- Biaya persalinan di Amerika Serikat sangat tinggi, mencapai ratusan juta rupiah tergantung jenis prosedur dan lokasi rumah sakit.
- Pemerintah Amerika Serikat tidak menyediakan jaminan cuti melahirkan berbayar secara nasional bagi seluruh pekerja di negara tersebut.
- Keluarga di Amerika Serikat harus mengeluarkan sekitar 40 persen pendapatan rumah tangga untuk biaya penitipan anak setiap tahunnya.
Suara.com - Menjadi seorang ibu di Amerika Serikat ternyata tidak murah. Kantong harus tebal karena biaya melahirkan di sana bisa sampai ratusan juta rupiah.
Mulai dari proses kehamilan, persalinan, hingga biaya penitipan anak, keluarga di AS harus menghadapi beban finansial jauh lebih tinggi dibanding negara-negara maju lainnya.
Di Amerika Serikat seperti dikutip dari Al Jazeera, biaya persalinan sangat bergantung pada jenis asuransi kesehatan dan status rumah sakit, apakah masuk jaringan asuransi atau tidak.
Menurut data FAIR Health, biaya rata-rata persalinan normal dengan layanan dalam jaringan asuransi mencapai 15.178 dolar AS atau sekitar Rp245 juta.
Sementara operasi caesar rata-rata menelan biaya hingga 19.292 dolar AS atau setara Rp320 juta.

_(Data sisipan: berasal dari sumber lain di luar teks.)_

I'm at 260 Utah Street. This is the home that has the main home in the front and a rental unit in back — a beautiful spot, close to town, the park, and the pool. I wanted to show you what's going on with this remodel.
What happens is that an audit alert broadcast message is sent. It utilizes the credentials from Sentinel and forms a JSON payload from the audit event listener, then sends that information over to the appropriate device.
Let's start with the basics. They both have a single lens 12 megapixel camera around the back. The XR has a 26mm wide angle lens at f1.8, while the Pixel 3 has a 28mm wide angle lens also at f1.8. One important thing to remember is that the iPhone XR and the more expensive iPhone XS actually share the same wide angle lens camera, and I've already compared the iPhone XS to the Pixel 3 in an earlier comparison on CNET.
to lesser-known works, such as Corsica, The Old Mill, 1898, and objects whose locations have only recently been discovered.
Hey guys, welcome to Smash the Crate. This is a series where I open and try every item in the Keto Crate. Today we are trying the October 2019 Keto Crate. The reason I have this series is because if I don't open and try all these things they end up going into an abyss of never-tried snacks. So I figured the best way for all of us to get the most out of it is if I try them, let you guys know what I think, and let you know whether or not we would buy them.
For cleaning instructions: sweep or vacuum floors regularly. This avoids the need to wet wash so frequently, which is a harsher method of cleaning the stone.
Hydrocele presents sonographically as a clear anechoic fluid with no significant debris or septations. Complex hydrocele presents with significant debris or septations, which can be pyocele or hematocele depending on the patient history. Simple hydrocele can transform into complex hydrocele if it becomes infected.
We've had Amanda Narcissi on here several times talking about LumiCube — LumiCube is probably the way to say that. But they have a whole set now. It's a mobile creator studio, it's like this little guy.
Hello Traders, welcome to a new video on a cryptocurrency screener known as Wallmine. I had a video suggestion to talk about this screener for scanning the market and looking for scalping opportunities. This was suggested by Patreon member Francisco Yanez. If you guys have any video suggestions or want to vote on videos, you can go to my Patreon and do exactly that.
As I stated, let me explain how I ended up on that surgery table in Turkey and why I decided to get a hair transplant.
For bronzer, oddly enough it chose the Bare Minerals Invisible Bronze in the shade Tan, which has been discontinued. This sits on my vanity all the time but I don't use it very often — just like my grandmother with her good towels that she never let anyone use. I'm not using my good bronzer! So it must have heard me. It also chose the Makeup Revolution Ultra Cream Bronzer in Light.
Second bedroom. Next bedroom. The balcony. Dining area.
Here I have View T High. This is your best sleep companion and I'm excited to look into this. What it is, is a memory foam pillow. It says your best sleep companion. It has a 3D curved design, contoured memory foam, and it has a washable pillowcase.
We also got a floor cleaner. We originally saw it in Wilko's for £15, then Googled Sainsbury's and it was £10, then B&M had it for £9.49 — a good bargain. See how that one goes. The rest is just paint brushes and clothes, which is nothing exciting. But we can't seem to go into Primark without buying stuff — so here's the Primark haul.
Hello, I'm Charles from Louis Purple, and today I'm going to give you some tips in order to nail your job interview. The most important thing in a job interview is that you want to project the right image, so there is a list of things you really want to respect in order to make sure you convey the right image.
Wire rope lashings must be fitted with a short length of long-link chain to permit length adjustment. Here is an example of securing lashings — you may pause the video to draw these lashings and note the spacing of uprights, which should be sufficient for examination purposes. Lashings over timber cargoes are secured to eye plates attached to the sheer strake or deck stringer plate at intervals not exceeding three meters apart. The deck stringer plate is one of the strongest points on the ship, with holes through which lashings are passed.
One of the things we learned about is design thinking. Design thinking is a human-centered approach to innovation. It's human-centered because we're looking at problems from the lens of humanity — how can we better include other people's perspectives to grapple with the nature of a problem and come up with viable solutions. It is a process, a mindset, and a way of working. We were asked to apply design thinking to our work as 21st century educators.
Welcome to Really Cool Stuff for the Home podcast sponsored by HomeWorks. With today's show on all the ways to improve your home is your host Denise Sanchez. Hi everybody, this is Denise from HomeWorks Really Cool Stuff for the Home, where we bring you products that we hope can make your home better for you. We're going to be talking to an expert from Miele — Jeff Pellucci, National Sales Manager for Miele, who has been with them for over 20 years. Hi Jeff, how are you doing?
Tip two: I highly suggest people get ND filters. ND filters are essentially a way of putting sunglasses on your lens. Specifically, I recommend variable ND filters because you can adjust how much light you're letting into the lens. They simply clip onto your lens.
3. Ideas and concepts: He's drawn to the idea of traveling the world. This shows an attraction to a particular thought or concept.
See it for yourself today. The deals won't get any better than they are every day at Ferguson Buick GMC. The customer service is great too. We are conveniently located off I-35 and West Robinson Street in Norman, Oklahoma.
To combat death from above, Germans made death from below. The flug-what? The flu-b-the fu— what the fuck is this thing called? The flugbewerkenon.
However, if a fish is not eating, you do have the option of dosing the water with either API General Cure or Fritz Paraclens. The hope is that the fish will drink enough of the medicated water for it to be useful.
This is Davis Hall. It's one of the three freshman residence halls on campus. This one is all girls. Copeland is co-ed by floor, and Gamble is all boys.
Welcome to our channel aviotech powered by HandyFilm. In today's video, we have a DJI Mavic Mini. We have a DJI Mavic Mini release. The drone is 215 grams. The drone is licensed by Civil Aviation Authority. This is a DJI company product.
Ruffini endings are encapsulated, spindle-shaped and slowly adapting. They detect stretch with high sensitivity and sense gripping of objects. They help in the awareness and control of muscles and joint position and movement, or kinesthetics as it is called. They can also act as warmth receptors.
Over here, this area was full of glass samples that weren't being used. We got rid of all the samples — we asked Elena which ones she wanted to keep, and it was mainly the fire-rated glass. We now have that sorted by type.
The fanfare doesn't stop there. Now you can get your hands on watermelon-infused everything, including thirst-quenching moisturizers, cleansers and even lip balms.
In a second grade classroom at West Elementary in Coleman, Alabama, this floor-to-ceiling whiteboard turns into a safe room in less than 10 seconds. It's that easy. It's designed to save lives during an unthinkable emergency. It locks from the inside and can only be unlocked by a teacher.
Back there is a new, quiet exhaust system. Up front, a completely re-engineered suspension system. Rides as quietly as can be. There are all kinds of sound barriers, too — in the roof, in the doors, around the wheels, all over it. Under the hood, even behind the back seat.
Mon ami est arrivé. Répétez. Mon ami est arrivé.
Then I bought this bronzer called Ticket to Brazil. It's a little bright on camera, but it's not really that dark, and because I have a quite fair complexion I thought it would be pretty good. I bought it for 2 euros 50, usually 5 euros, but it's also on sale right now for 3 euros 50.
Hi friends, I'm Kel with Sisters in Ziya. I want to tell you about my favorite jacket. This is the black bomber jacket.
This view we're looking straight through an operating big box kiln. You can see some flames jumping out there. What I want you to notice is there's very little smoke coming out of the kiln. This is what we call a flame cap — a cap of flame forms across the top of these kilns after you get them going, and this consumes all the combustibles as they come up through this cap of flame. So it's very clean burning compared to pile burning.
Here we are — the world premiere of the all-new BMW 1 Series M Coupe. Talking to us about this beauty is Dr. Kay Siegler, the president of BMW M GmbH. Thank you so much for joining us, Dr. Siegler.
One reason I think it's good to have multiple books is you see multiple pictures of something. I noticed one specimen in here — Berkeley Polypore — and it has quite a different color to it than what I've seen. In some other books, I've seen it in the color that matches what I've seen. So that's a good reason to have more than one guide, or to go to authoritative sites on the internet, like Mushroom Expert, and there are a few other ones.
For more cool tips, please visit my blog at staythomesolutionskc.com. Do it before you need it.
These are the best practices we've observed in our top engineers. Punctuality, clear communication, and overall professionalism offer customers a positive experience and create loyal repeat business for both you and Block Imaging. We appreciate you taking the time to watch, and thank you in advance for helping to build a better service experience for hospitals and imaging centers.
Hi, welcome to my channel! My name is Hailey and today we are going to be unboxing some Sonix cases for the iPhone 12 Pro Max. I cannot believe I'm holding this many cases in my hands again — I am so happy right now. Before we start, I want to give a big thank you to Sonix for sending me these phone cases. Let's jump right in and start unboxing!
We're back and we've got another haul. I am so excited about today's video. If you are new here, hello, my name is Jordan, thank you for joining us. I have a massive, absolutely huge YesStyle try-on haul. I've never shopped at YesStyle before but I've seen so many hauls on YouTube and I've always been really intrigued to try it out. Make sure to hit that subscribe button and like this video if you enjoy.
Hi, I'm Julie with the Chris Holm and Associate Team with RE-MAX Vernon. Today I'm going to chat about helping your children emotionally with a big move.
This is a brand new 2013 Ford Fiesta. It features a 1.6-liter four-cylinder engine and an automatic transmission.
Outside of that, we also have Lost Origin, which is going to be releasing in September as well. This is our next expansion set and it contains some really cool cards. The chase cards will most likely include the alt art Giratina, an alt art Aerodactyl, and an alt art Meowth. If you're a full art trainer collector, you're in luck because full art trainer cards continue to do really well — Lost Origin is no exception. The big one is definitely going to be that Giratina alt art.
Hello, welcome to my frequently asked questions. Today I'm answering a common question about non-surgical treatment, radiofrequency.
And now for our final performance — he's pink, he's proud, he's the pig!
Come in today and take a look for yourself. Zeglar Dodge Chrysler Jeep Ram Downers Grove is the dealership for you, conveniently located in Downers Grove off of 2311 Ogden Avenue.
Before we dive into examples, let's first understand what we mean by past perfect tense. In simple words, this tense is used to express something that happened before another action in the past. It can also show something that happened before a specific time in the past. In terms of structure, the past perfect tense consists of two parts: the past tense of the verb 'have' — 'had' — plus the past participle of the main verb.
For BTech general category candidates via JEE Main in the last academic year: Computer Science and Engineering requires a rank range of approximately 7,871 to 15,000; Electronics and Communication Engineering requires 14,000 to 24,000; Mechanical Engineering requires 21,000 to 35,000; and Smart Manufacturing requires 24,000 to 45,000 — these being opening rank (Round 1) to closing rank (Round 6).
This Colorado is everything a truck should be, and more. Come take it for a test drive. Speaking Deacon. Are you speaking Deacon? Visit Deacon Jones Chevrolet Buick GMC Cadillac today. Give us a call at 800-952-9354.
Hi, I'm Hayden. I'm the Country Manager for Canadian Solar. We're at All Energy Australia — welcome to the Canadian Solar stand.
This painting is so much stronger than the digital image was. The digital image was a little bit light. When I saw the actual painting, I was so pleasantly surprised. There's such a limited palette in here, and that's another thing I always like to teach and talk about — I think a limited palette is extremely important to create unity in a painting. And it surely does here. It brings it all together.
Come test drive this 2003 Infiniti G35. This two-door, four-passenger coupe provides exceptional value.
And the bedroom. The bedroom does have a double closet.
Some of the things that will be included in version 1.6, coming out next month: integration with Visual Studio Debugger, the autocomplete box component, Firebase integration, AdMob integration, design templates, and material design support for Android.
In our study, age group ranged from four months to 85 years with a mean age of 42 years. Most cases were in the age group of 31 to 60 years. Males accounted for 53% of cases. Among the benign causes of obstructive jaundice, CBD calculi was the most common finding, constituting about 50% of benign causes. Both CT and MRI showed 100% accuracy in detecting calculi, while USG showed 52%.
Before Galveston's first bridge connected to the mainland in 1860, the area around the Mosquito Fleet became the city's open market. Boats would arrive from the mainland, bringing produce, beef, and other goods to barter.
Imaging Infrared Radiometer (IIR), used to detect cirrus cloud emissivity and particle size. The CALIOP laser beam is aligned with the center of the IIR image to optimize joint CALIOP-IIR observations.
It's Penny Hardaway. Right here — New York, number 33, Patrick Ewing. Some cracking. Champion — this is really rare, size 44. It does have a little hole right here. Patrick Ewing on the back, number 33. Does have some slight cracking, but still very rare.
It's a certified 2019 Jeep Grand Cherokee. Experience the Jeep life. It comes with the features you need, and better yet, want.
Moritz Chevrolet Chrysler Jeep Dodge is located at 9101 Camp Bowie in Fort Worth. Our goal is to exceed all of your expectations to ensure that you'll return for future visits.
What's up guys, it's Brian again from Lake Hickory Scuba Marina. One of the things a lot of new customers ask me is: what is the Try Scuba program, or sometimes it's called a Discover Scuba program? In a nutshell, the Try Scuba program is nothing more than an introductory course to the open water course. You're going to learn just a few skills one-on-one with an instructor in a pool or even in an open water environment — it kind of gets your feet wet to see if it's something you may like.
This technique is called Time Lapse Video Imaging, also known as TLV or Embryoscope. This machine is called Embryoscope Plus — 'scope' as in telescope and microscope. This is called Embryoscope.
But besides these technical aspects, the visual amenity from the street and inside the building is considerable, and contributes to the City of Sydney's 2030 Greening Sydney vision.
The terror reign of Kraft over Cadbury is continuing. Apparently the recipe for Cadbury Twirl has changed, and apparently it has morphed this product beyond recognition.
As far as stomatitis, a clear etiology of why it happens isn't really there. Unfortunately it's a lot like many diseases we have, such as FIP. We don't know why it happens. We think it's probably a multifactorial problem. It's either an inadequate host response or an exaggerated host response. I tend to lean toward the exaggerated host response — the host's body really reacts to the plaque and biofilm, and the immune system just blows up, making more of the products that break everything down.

Beberapa negara bagian bahkan memiliki biaya jauh lebih mahal.

Di Alaska, persalinan normal bisa mencapai 29 ribu dolar AS atau setara Rp476,5 juta, sedangkan operasi caesar menembus hampir 40 ribu dolar AS atau setara Rp656 juta.
Masalah lain yang dihadapi para ibu di AS adalah minimnya cuti melahirkan berbayar.
Amerika Serikat menjadi salah satu dari sedikit negara maju yang tidak memiliki jaminan cuti melahirkan berbayar secara nasional.
Undang-undang federal hanya memberikan hak cuti tanpa bayaran selama 12 minggu bagi sebagian pekerja.
Banyak ibu akhirnya terpaksa kembali bekerja lebih cepat demi menjaga pemasukan keluarga.
Setelah melahirkan, keluarga di Amerika Serikat masih harus menghadapi mahalnya biaya penitipan anak.
Pada 2023, pasangan di AS menghabiskan sekitar 40 persen pendapatan rumah tangga mereka hanya untuk childcare.
Angka itu menjadi salah satu yang tertinggi di dunia dan hampir dua kali lipat dibanding Ireland.
Di sejumlah negara Eropa seperti Germany dan Portugal, biaya penitipan anak bahkan nyaris gratis karena subsidi pemerintah.